_Work instruction_. For this exercise, reproduce only the lines from the one holding "Una serpiente denominada" through the final line of the data below, exactly, and omit pictures.

_Stored data_.
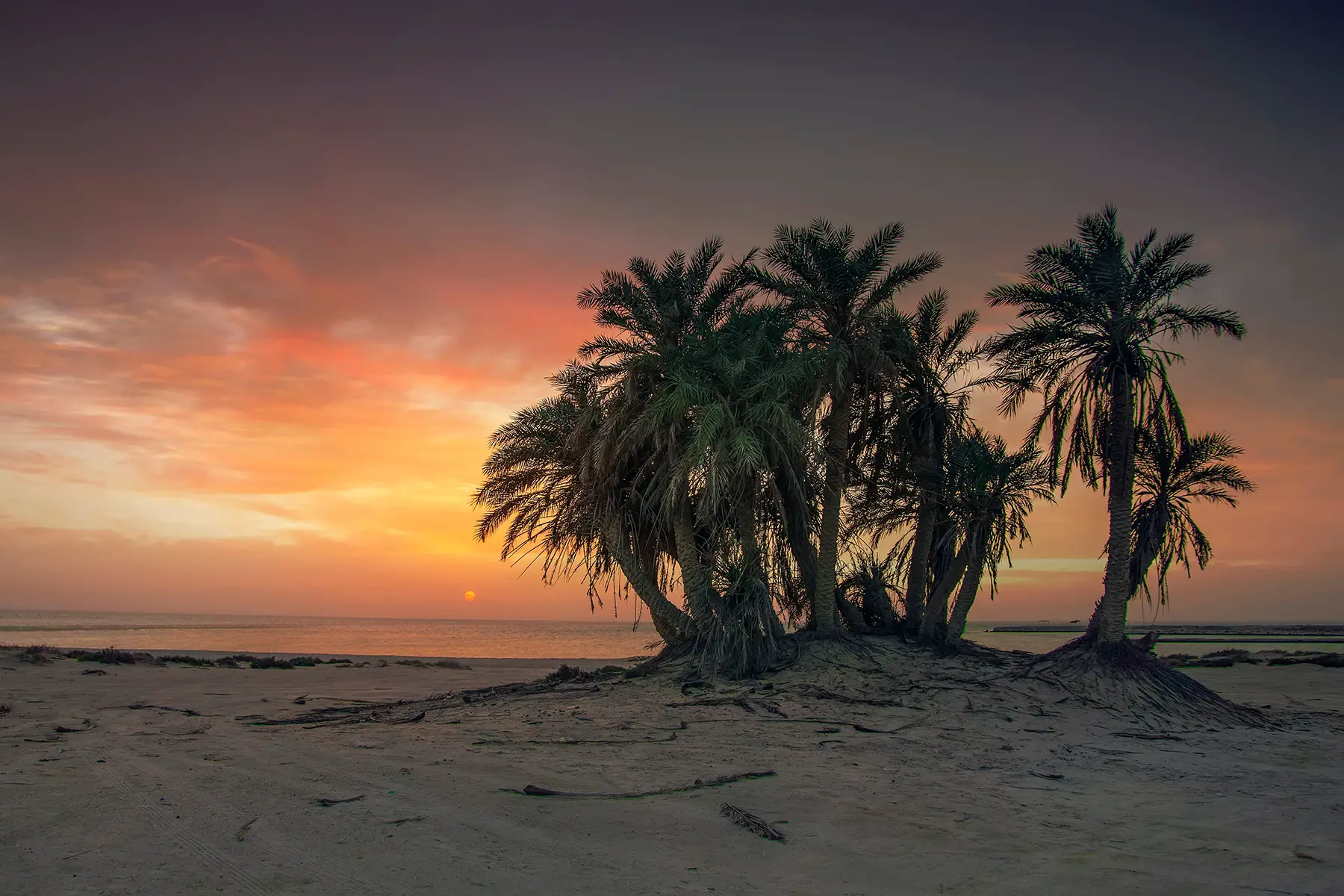 Sunset on a beach in Umbaab, Qatar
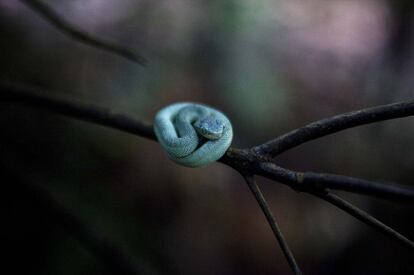 Una serpiente denominada ‘Loro machaco’ (Bothrops bilineatus) descansa sobre un tronco que se yergue sobre un humedal amazónico.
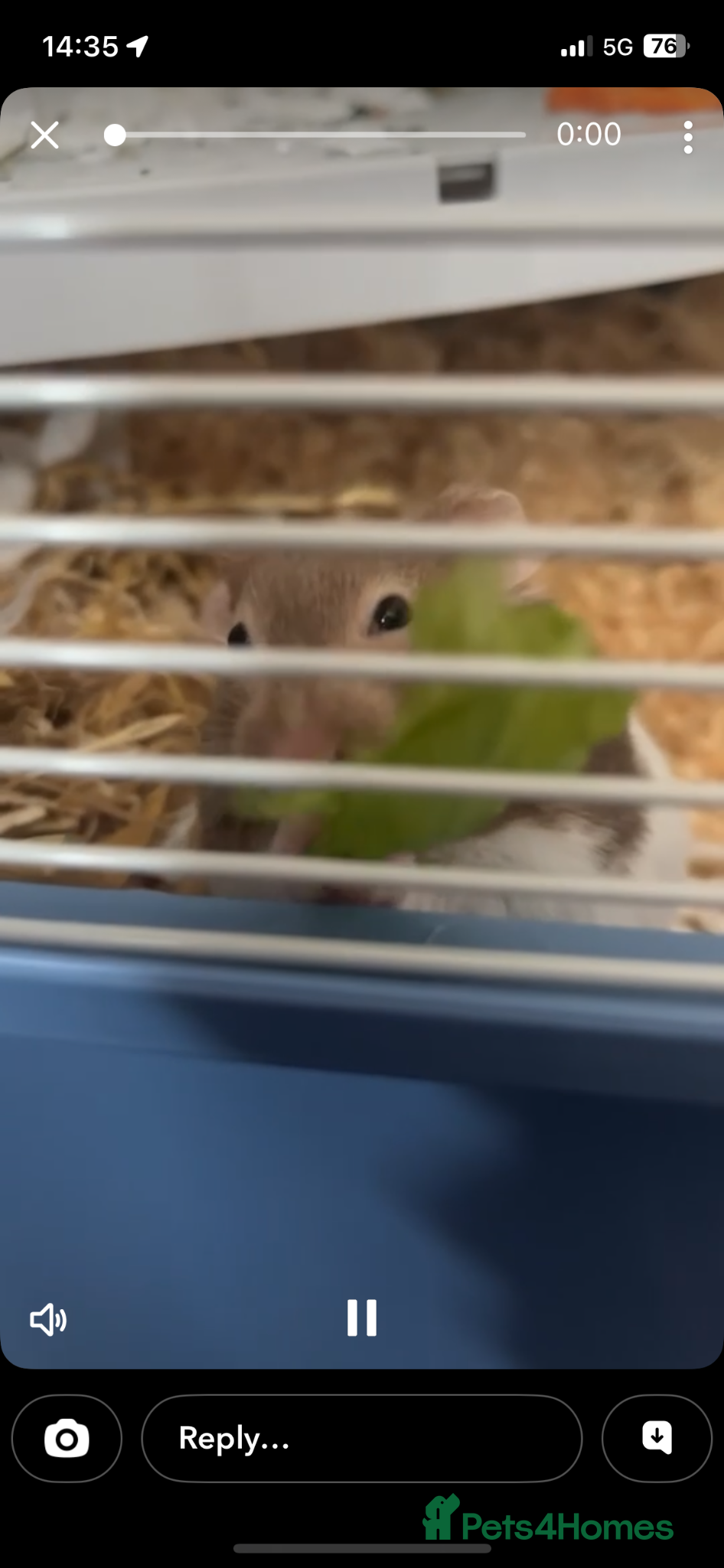 Hamster rodents Syrian hamster with everything  - Advert 1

_Answer section_.
 Una serpiente denominada ‘Loro machaco’ (Bothrops bilineatus) descansa sobre un tronco que se yergue sobre un humedal amazónico.
 Hamster rodents Syrian hamster with everything  - Advert 1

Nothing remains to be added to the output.